··· Information

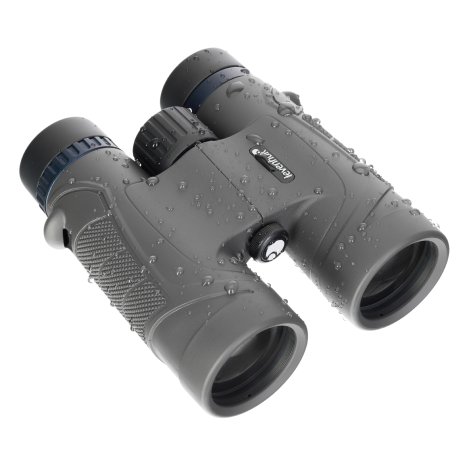 Бинокль Levenhuk Nitro 12x42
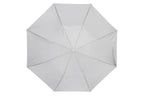https://www.patrickandsant.com/CompanyFiles/Ref/500422/34921_183U314_1.jpg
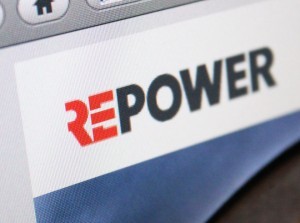 Autoritatea de concurenţă verifică tranzacţia prin care o filială din Elveţia a grupului ungar MOL preia traderul de energie Repower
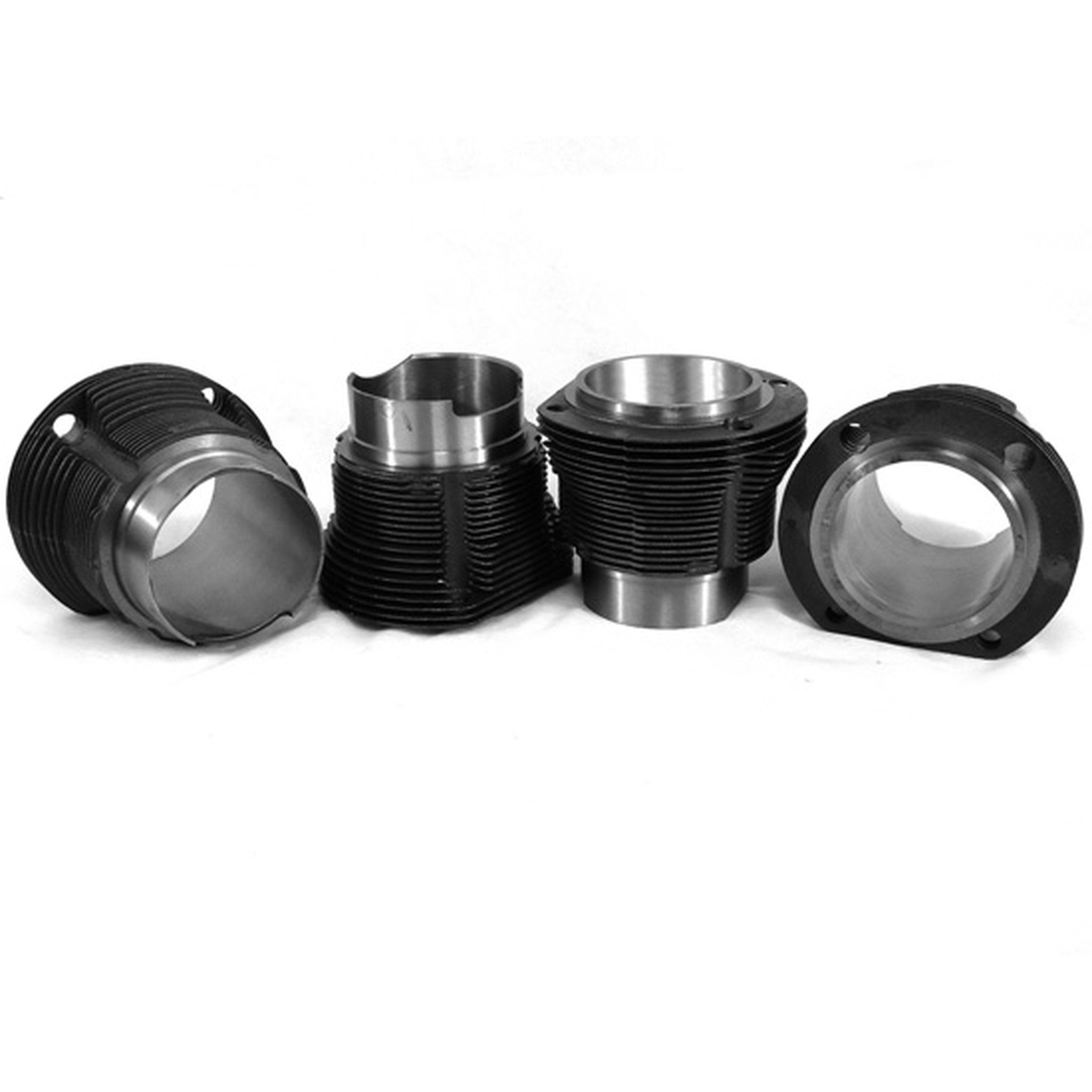 Zylinderkit, VW 90MM 1700cc Typ 4 – Porsche 914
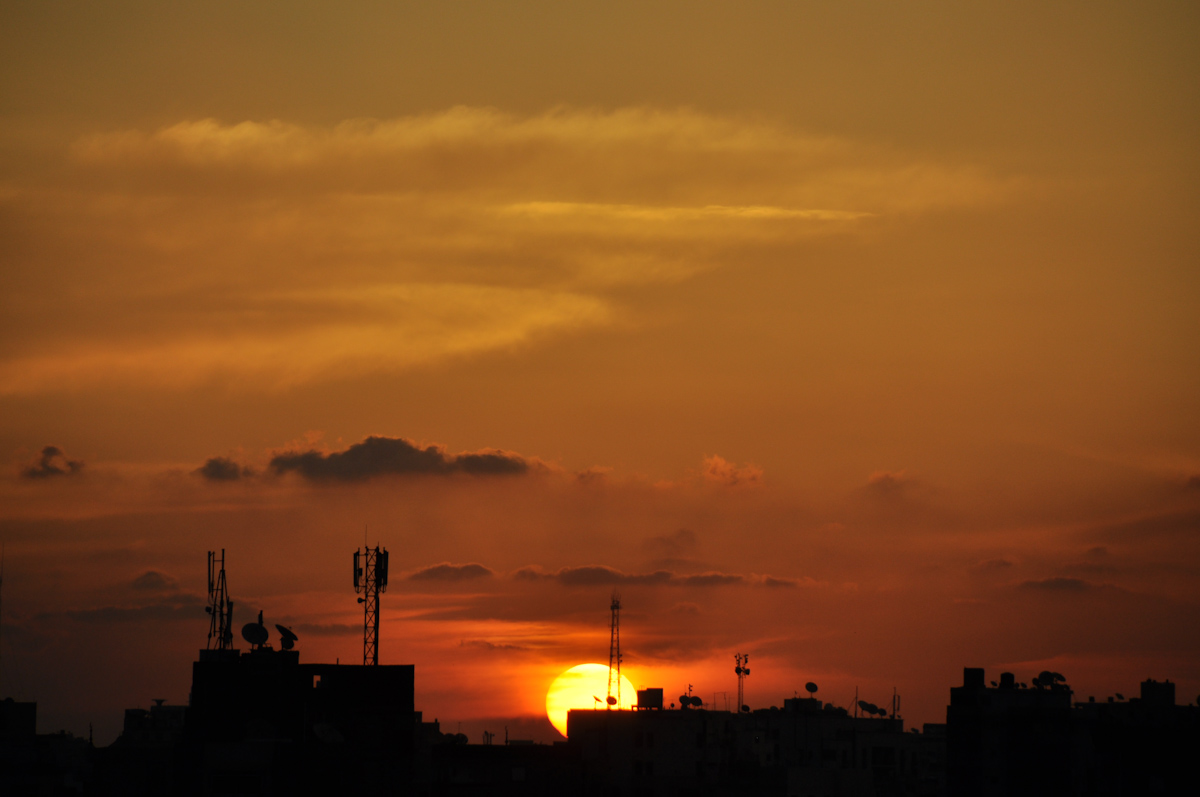DSC_1728.jpg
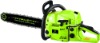 52cc chainsaw
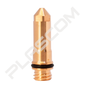 W000275448 - SAF CPM-400 Electrode 30A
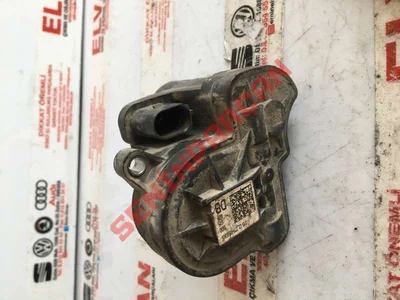 5Q0615408DB - AYAR MOTORU OLAN FREN KALİPERİ - İkinci El Orjinal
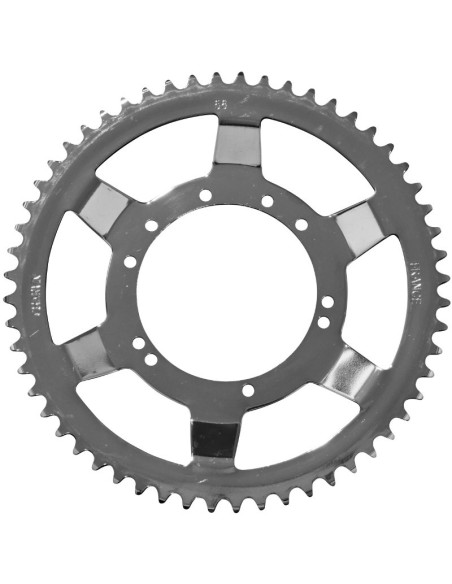 Couronne 56 dents int.94mm 10T MBK/Motobécane (roue à batons)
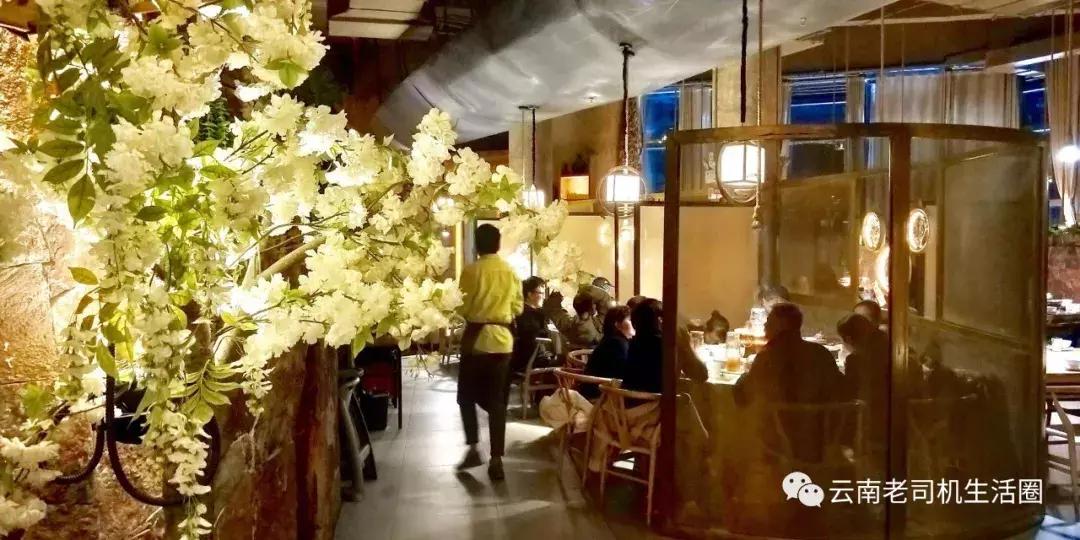 云南美食做法家常菜100道开胃下饭,正宗云南地道家常菜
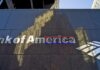 Bank of America irá subiendo el salario mínimo hasta 25 dólares la hora en 2025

······

What is needed — In your copy, the listing above should appear word for word, with no images.

Response to the exercise —
 Бинокль Levenhuk Nitro 12x42
https://www.patrickandsant.com/CompanyFiles/Ref/500422/34921_183U314_1.jpg
 Autoritatea de concurenţă verifică tranzacţia prin care o filială din Elveţia a grupului ungar MOL preia traderul de energie Repower
 Zylinderkit, VW 90MM 1700cc Typ 4 – Porsche 914
DSC_1728.jpg
 52cc chainsaw
 W000275448 - SAF CPM-400 Electrode 30A
 5Q0615408DB - AYAR MOTORU OLAN FREN KALİPERİ - İkinci El Orjinal
 Couronne 56 dents int.94mm 10T MBK/Motobécane (roue à batons)
 云南美食做法家常菜100道开胃下饭,正宗云南地道家常菜
 Bank of America irá subiendo el salario mínimo hasta 25 dólares la hora en 2025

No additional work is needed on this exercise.